# Problem description:
Go through the listing below and retype exactly the lines starting at the one with "2026 Bright White" and ending at the one with "Used 2026 Honda HR-V LX image 31", skipping pictures.

# Given records:
○ ○ ○ ○ ○ ○ ○

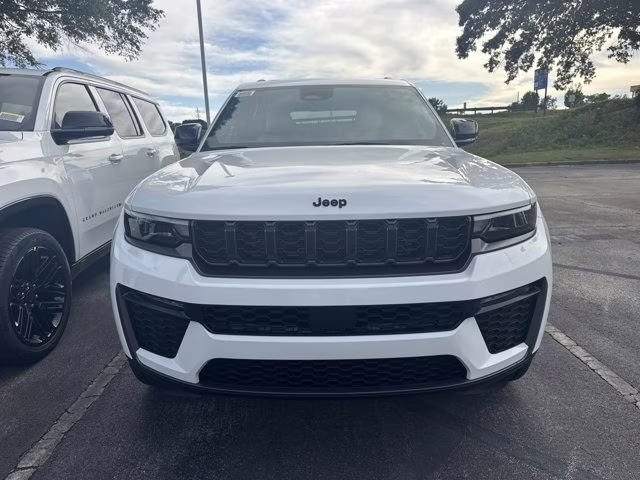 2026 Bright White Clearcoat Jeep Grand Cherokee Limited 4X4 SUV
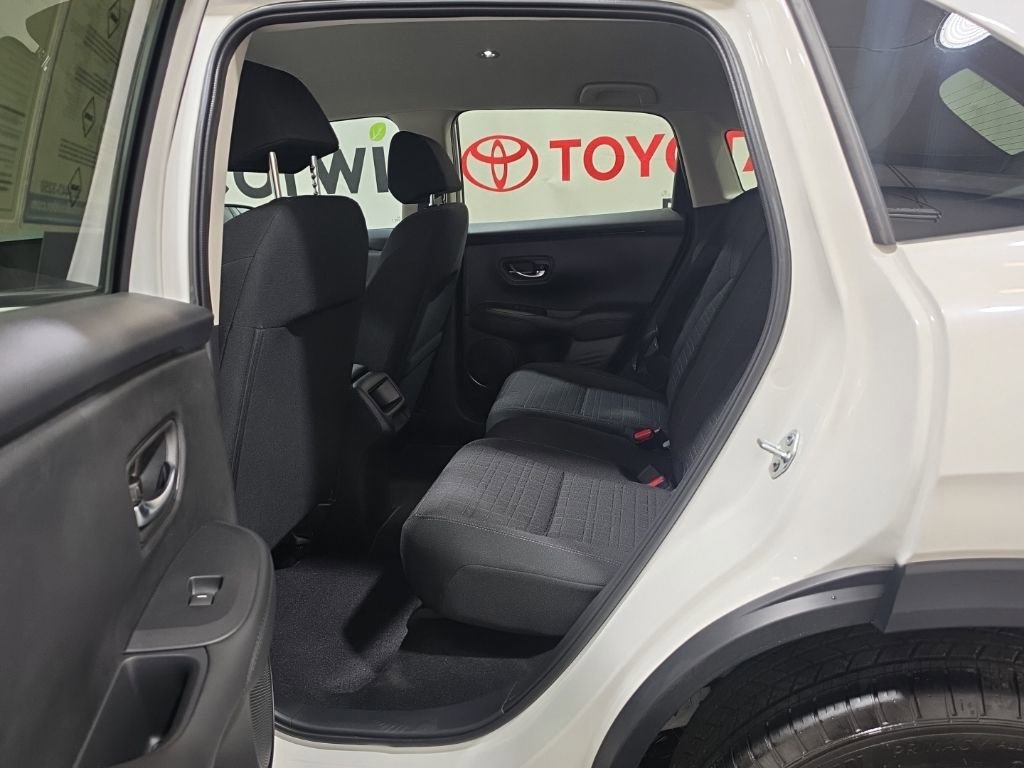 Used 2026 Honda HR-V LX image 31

○ ○ ○ ○ ○ ○ ○

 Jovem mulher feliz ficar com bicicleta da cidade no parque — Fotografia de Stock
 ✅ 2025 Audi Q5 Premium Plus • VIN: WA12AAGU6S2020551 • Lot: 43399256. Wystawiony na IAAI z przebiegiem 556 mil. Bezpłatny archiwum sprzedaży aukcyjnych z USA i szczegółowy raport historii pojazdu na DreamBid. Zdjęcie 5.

○ ○ ○ ○ ○ ○ ○

# The completed task:
 2026 Bright White Clearcoat Jeep Grand Cherokee Limited 4X4 SUV
 Used 2026 Honda HR-V LX image 31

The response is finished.